すっきり片付けて、気持ちよく本を読みだしたいって思うのに、そんな瞬間って絶対に来ないと悟った。
やりたいことをする時間が削られていく苛立ちとか焦燥にエネルギーを奪われて、そのやりたかったことをする気力も減ってきてしまう。
完ぺきよりも、今の自分を満たす時間を優先するほうが、変に感情が泡立つこともなく、小さく幸せでいられるんだろう。
うんざりするほどの家事の山に挑むのをやめて、「今日読み切るんだ!」と決めていた本にとりかかる。
クレマンス・ミシャロン、高山真由美訳『寡黙な同居人』(ハヤカワ・ミステリ文庫)。読みかけのまま数日積んでいたのだけど、二周目確定! 今年のマイベスト10に入りそう。
主人公は連続殺人犯に監禁されている“レイチェル”。本名ではなく、犯人に与えられた名前である。

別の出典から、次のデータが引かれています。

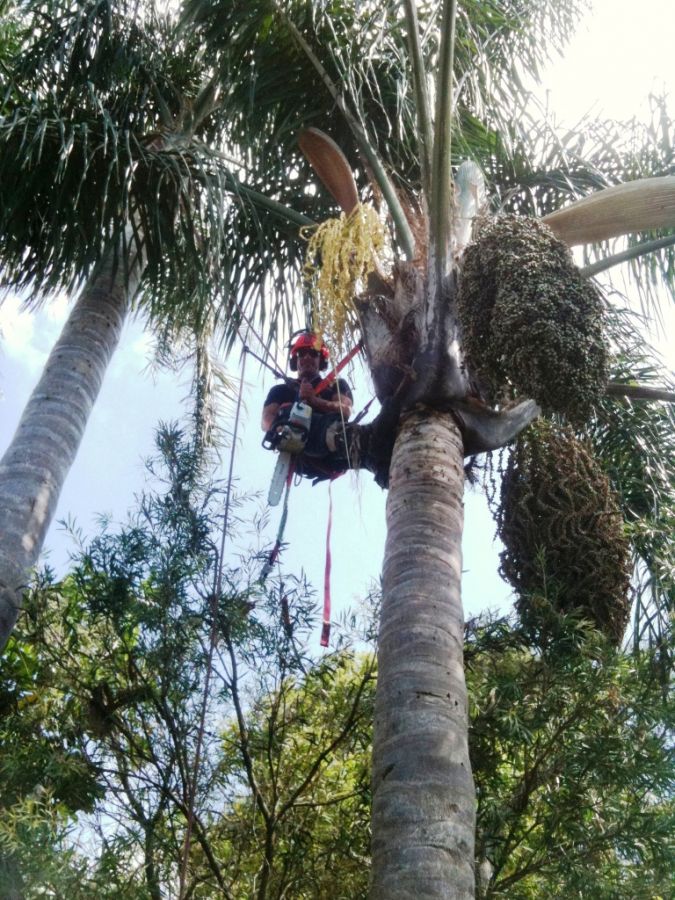 Sydney Palm removal and pruning stump grinding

犯人は隣人から愛される善人で、幼きセシリアの良き父親でもある。
レイチェル、セシリア、殺人犯(セシリアの父親)の奇妙な共同生活が始まり、殺人犯に恋する女性が気持ちを暴走させてレイチェルと鉢合わせてしまうという歪な歯車が動き出しーー。
実際に起こった事件に基づく、と言われても納得してしまうリアリティで、クライマックスだけもう数回読み返してしまった。レイチェルが主人公なのだけど、セシリアと殺人犯に恋をするエミリーの視点も加わり、3人の女の物語ともとれる構成だ。
特に胸がざわつくのが、エミリーのターン。好きな男の家に無断で入ってくる(あらすじに記載あり)って時点ですでに度を超しているけれども、人を好きになって狂おしくなる気持ちは誰にでも覚えがあると思う。
著者のクレマンス・ミシャロンは、2023年に本作でデビューしたというから、次作以降もとても楽しみだ。